July 6, 2008

It Makes Me Sad, Mommy

To tell this story, properly, I am going to have to reveal my daughter's first name, not her middle name.My daughter Rose(reallyKatherine), age 28, is a writer and human rights lawyer. She helped write the book, Guantanamo and the Abuse of Presidential Power. Did I always know she was going to be a writer? The first indication came when she was under two. We had spelled Katherine with a K because we intended to call her Katie. She stopped being Katie the minute she told me: "It makes me sad, mommy, that you call me Katie when my name is Katherine." We never called her Katie again. How long had she realized her family did not know her name?Did she take weeks crafting such a perfect sentence that demanded and got perfect compliance?

Her dad Chris remembers: "Katherine has displayed single-minded determination in everything she has undertaken. She became interested in the planets when she was two. She learned not only the names of the planets and their positions, but also the names of all their satellites. She made up stories about the planets, and at one point every member of the family had a planet name. " I was happy my name was earth.

She started kindergarten before she was five since she is a November baby. She absolutely refused to write stories using the words the teacher gave the class. "Writers use their own words," she insisted. I deluded myself that I was articulate until I had Katherine.

Katherine is well known in political blogs as simply Katherine. Katie wouldn't have had the same dignity. She started writing on torture and extraordinary rendition when she was in law school and didn't want to make herself unemployable by revealing her full name. Try a google search on Katherine and "Obisidian Wings."

Katherine once told me: "You are more responsible than any other person for my being able to write like this--in fact, it's not even close." I felt like I had received the Nobel Prize for motherhood. and have contributed significantly to make the world a better place. The entire family is in awe of Katherine. Yet she is the sweetest, most loving woman imaginable who has been an incredible support to me during episodes of my illness. She comes across as quiet and shy.

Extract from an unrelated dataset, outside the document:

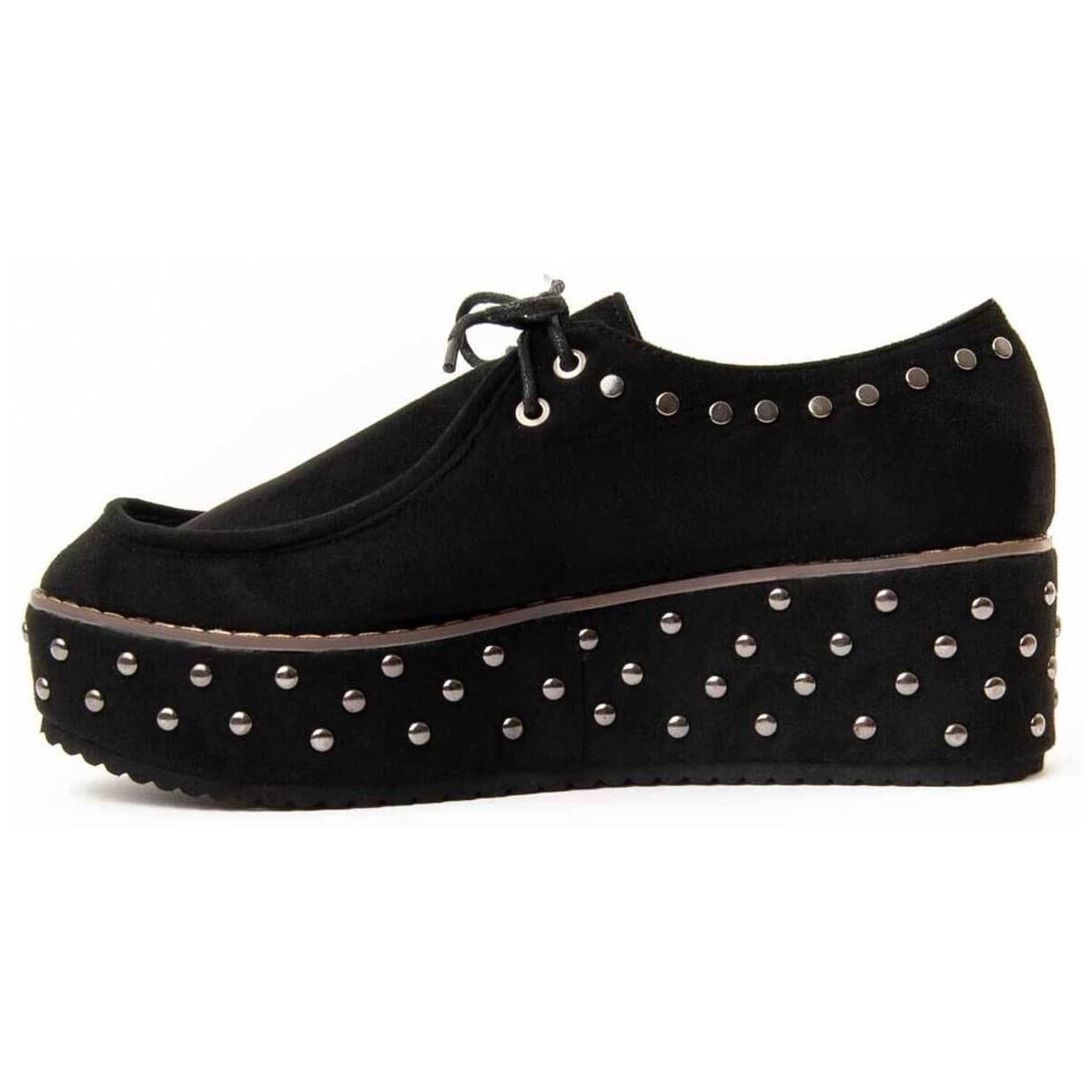 Women's Pumps Montevita Black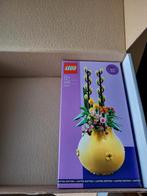 Lego 40588 bloemenvaas retired gwp, Complete set, Ophalen of Verzenden, Lego, Zo goed als nieuw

And yet Katherine's brilliant intensity made her a very challenging child to mother. Thankfully, she was born at home, slept in our bed her first year, nursed for more years than I am willing to admit in a public forum. Because she was my third child, I was much freer to trust my instincts. She is also the daughter most like me. If I wanted to know how I was really feeling when she was a baby, I just had to watch her reactions.

My Katherine stories are often a great comfort to mothers worrying if their child is destined for sainthood or schizophrenia. In my post on my so-called normal children I described her: "The writer had meltdowns because the new washing machine wasn't blue; the pretty blue rental car had vanished; her aunt and uncle didn't have a second child her age; she was not attending a school that closed three years previously; there wasn't enough snow; election day would be a day before her 18th birthday three years from now. Her tantrums were reserved for the existential order of the universe; I could do nothing to assuage her anguish. " When I read her passionate poltical writings, I recognize the same Katherine, who has found the perfect outlet for her intensity.

Marrying the perfect husband at age 23 was the most important thing of all.